Ren’s lower jaw, utterly stripped of flesh, is not that of a man. It juts out from his face almost like a canid’s, mouth infested with a row of long, ivory fangs tapered to wicked points. From within the mouth protrudes a tongue, nearly three times as long as a human’s, too fat and long to even be held within Ren’s altered maw, and so it lolls, over the smaller lower teeth, slicked with an overflowing drool of glowing red fluid that Hux could not identify but which reminds him of Ren’s saber, strength and instability irreversibly enmeshed. 

“R-Ren…” Hux finally summons words to his dry lips as he takes an unconscious step back. “What…have you done to yourself?”

Ren doesn’t speak—no doubt he can’t, not with his jaws skinned down to the bone and that monstrous tongue filling his mouth, constantly oozing the red slime. But his eyes linger on Hux’s face, their warm amber rings still entreating but now nearly consumed in a sea of deep black sclera. He looks pained, which—Hux can hardly blame him for that. Such a transformation could not have been pleasant. 

“Is this some consequence of the Force?” Hux speaks again, raising his voice louder, more confident now that it seems Ren would not harm him straightaway. “Is this why you have been hiding from me?” he says, growing more accusatory. “Because your powers turned you into a monster?”

Again Ren is quiet, but he begins to walk towards Hux. Recoiling, Hux takes a few more steps back. To his surprise, Ren actually stops, a couple of paces between them. Neither elects to breach the gap, the impasse stretching on. No noise, apart from the steady sound of Hux’s breathing, and the patter of Ren’s bloody fluid staining the brilliant white floor. Hux looks away, unable to meet Ren’s eyes so long as it means looking at the ruin his face has become at the same time. It’s different from battles waged in the clean vacuum of space, or battlefields where the carnage is limited to smoking holes in stormtrooper armor.
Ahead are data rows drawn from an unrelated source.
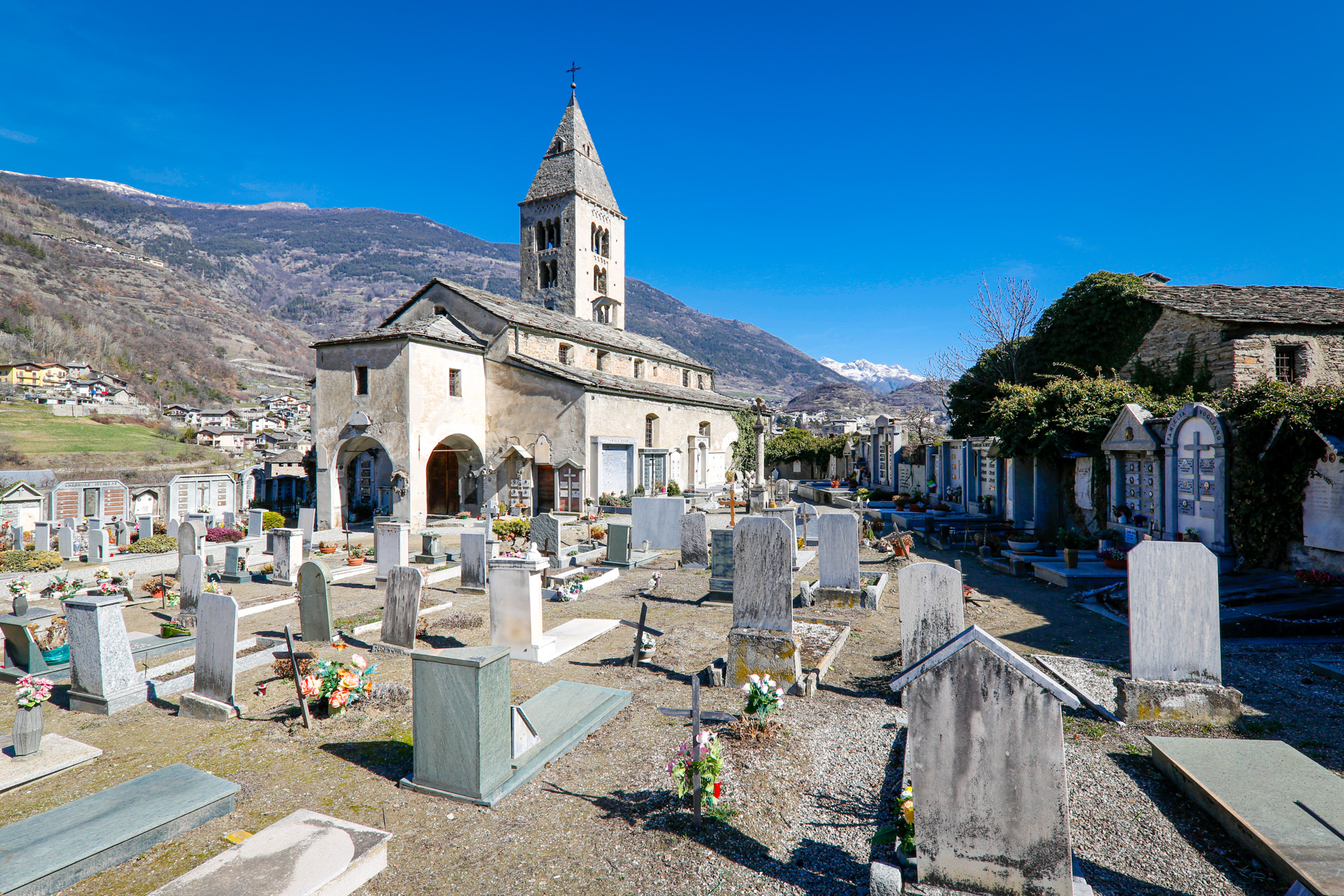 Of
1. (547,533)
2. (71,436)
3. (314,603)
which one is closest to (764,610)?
(314,603)

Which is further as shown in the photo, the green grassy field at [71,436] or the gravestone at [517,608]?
the green grassy field at [71,436]

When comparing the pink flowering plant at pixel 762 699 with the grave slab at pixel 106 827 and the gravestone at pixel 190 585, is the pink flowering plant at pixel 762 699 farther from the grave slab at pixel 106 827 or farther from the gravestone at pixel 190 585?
the gravestone at pixel 190 585

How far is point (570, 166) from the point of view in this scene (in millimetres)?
36344

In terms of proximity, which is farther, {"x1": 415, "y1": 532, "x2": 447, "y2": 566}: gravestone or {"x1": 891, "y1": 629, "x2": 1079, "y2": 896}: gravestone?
{"x1": 415, "y1": 532, "x2": 447, "y2": 566}: gravestone

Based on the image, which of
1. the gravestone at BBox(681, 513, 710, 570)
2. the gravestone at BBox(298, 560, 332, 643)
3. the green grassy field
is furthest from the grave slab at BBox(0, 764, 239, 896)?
the green grassy field

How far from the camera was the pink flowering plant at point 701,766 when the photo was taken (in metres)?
4.36

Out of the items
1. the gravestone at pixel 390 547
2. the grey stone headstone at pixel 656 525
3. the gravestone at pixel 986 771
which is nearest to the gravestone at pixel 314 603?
the gravestone at pixel 390 547

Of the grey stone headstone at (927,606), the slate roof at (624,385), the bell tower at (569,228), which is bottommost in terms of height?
the grey stone headstone at (927,606)

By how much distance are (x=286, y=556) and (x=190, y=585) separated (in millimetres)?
3168

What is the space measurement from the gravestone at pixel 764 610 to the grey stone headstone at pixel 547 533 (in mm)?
8023

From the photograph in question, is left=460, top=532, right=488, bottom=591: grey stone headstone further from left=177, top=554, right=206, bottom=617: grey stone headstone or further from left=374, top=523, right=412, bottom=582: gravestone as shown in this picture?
left=177, top=554, right=206, bottom=617: grey stone headstone

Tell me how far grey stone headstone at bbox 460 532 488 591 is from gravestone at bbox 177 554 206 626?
433 cm

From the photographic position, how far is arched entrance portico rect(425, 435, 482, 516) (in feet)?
85.0

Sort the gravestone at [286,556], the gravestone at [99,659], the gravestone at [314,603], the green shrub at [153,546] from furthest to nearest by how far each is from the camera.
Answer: the green shrub at [153,546] → the gravestone at [286,556] → the gravestone at [314,603] → the gravestone at [99,659] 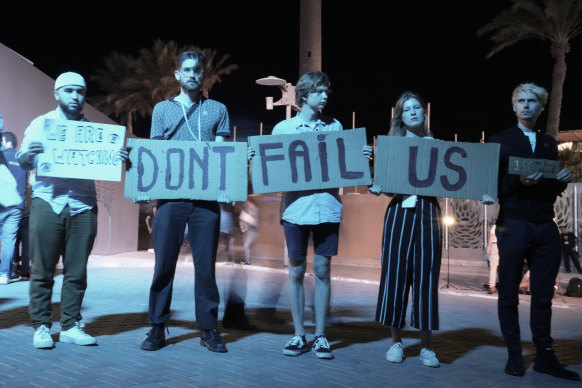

He’s not used to such an intimate, visceral horror.

 _You don’t know what really happened on Crait._ Hux starts at the sound of Ren’s voice, speaking inside of his head. The intrusion makes him shudder, the implication of Ren’s words filling him with mounting confusion, tangled with dread.

“Crait? I suppose I don’t know all of what happened, because you threw me into a console. If you recall, I lost consciousness.” Hux swallows around a lump forming in his throat. Despite his attempt to sound dismissive, he still feels unnerved by the at-best vague memories he had of that moment. It hadn’t been a high point in his career—trying to reign Ren in, hoping to crush the Resistance for good, had earned him nothing but juvenile anger and sharp, sudden suffering. “Don’t tell me you’re beginning to feel remorse over that.” His gaze raises to focus on the ceiling above the two of them, no less unwilling to look at Ren directly. 

But just as he averts his eyes his vision begins to swim, the unbefitting cleanliness of the Supreme Leader’s new quarters slowly molding into a more familiar sight—the cockpit of Ren’s command shuttle. Hux starts at the new surroundings, whirling about to see—himself, weary and wan as he was in the aftermath of Starkiller’s failure, framed against the viewport, exposing the red-streaked salt flats of Crait below.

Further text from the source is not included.